Loans Between Friends
The loans between friends section allow you to create a circle where friends and family can loan each other money in a transparent and traceable manner. This particular feature is very popular according to Erick since one can set terms for inter-personal loans and also track repayments in a seamless and stress-free manner.
Many of Malipo Circles users use this feature to really help each other out when finances are tight during unexpected financial challenges. There is also the added benefit of this being an alternative to many of the notoriously bad mobile loan apps in Kenya that have left many of their users smarting from excessive interest rates and penalties.
The Chama circle is basically the main feature of the Malipo Circles mobile app and the main driver behind the app being developed in the first place. This is where you can create a circle for your chama (or chamas) and then on-board all your chama members. The main aspect of the chama section is to enable chama members to have a very transparent way of monitoring finances.
All contributions, transactions, loans, etc are captured here in a way that chama members can then have peace of mind that finances are being handled properly.
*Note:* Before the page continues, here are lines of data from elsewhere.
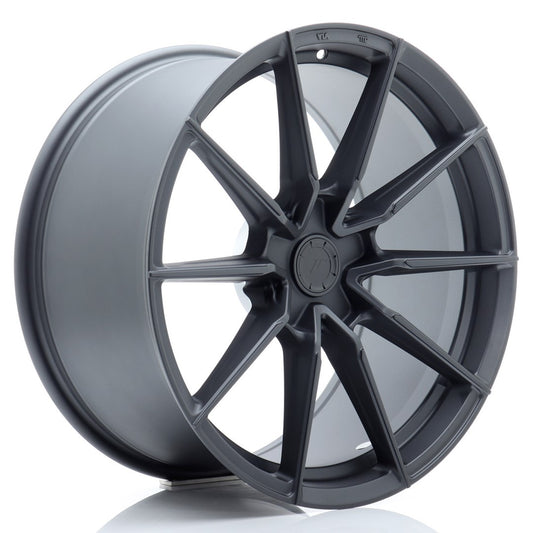 Japan Racing SL-02 Alloy Wheel 19" x 9,5" ET35 5x114.3 - Gun metal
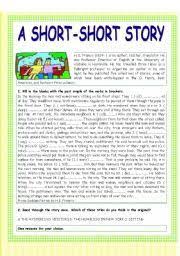 short story in english easy pdf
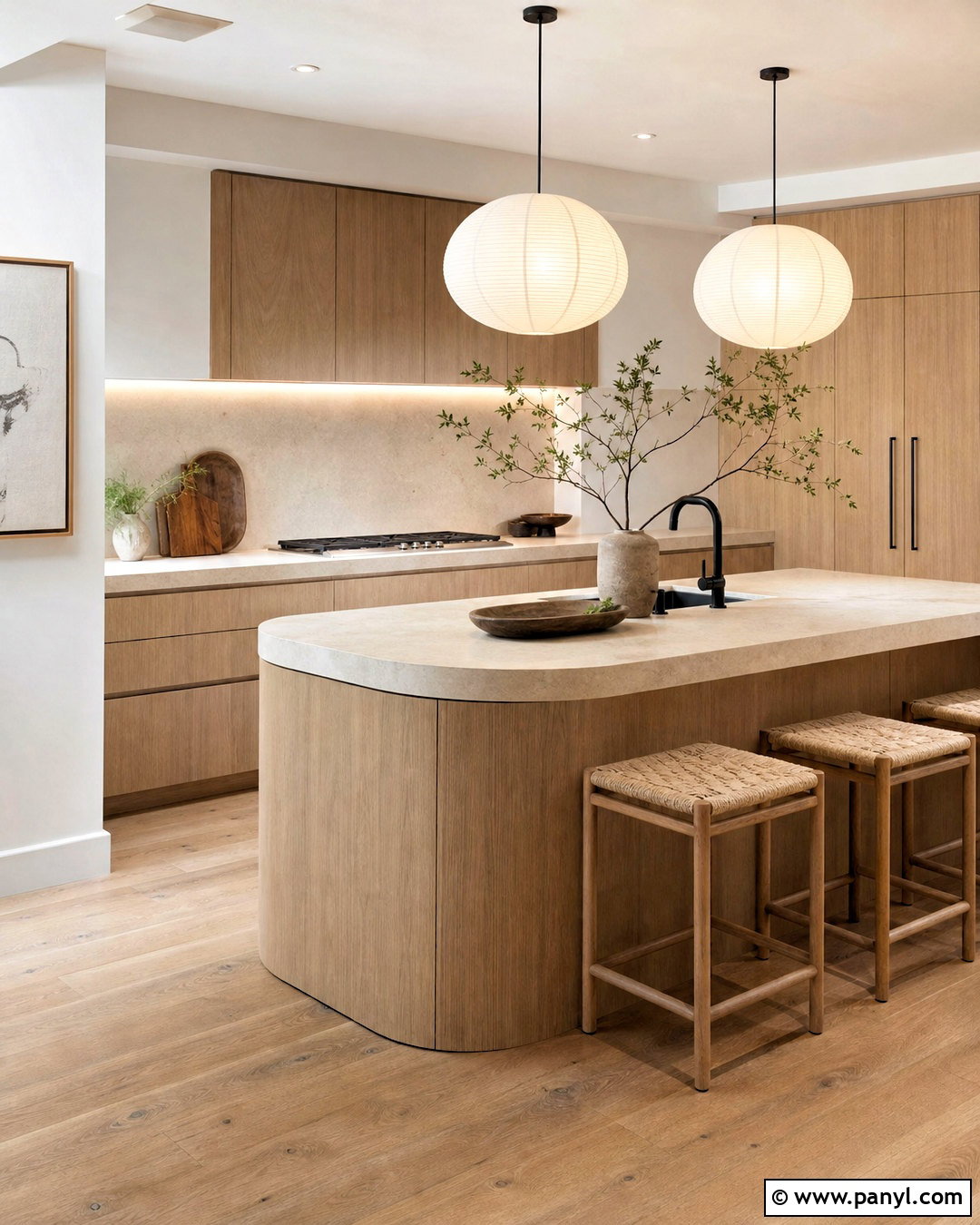 Japandi Kitchen - 20 kitchen inspo ideas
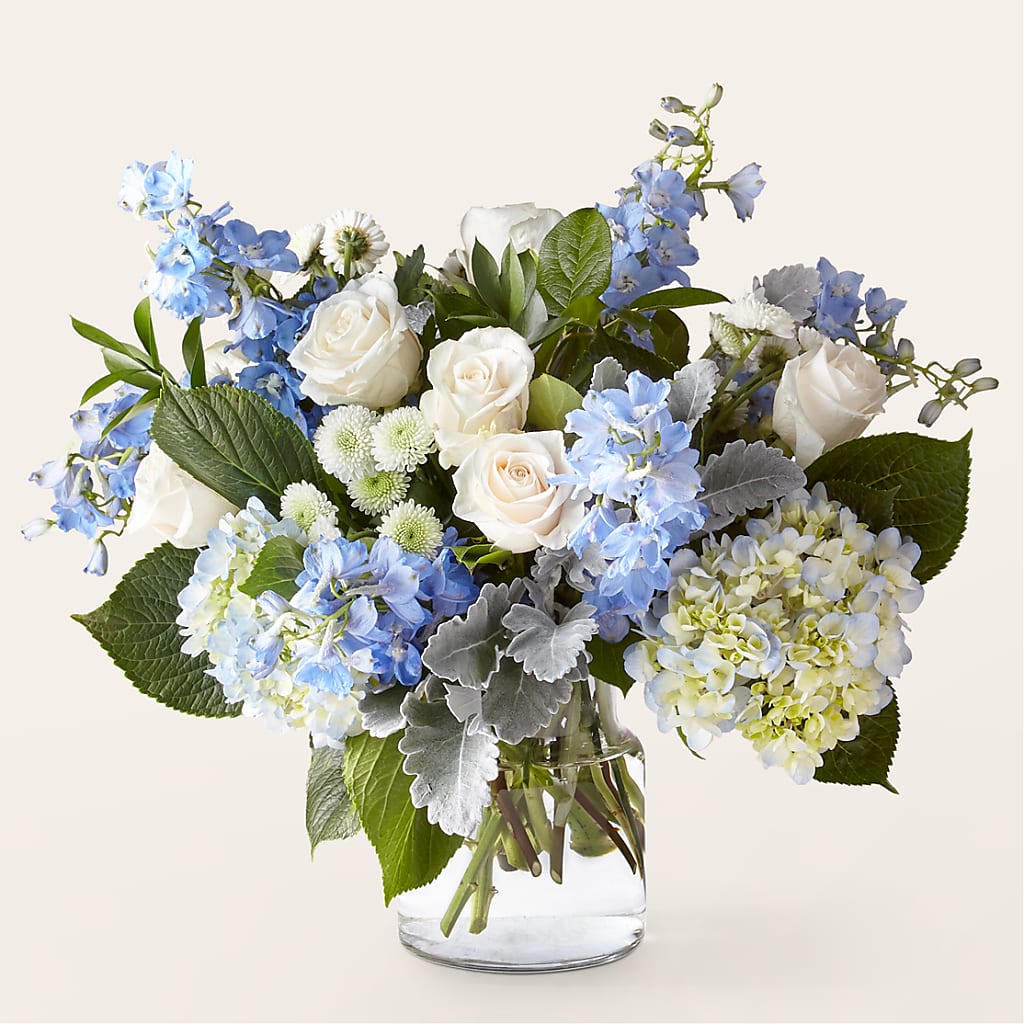 Clear Skies Bouquet – Katarina Floral, Hackettstown NJ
It also enables approval processes and other tasks so that chama members don’t have to meet in person when they can automate most typical chama-related tasks via the app. This obviously saves time and money, not to mention the many risks that often lead to chamas being dissolved due to financial mismanagement and/or obscurity for stakeholders.
Malipo for Business
The Malipo for Business section is the last major section from the main UX of the mobile app where business users can set-up circles for transactions ranging from collecting rent from tenants, education collections for schools, service charge collections and even part payments being made towards a larger payment.
The main thing here is that there is much improved efficiencies and transparency around these kinds of transactions and especially given that many happen via M-Pesa. A landlord can see all rent payments being received and also generate invoices for payments from the same. It can act as a complete billing system so that everything is captured in one place for an individual or business.
The Malipo Circles Wallet
One more thing I wanted to mention is the Malipo Circles Wallet. This is basically where you can load funds for your various Malipo Circles using mobile money via Safaricom’s M-Pesa or Airtel Money, Credit Cards & Debit Cards, as well as direct transfers from bank accounts. This works both ways in each instance for funding and withdrawals in Malipo Circles in any one of the main use cases mentioned here. The Malipo Circles Wallet is financially connected to everything to make this possible.
In a nutshell, I am very chuffed that Malipo Circles is available for iPhone finally and this means many who may have been excluded from this or other fintech apps that cater to groups such as chamas and fundraisers can finally be part of the collective.
Since Malipo Circles is likely to have a much smaller portion of users on iOS, it’s testament to a commitment to make sure users everywhere can use Malipo Circles for their various financial needs even if the effort may outweigh the return for them. Thanks, Malipo Circles!